Segment Start: Supplied information

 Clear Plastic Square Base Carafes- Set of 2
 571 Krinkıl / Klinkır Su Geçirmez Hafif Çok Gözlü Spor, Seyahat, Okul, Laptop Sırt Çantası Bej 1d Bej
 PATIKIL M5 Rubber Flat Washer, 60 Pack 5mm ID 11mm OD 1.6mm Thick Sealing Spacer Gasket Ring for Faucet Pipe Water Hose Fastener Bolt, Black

Segment End: Supplied information

# Exercise directions
Retype exactly. Start at the line with "571 Krinkıl /" and stop at the last line of the data.

# Expected answer
 571 Krinkıl / Klinkır Su Geçirmez Hafif Çok Gözlü Spor, Seyahat, Okul, Laptop Sırt Çantası Bej 1d Bej
 PATIKIL M5 Rubber Flat Washer, 60 Pack 5mm ID 11mm OD 1.6mm Thick Sealing Spacer Gasket Ring for Faucet Pipe Water Hose Fastener Bolt, Black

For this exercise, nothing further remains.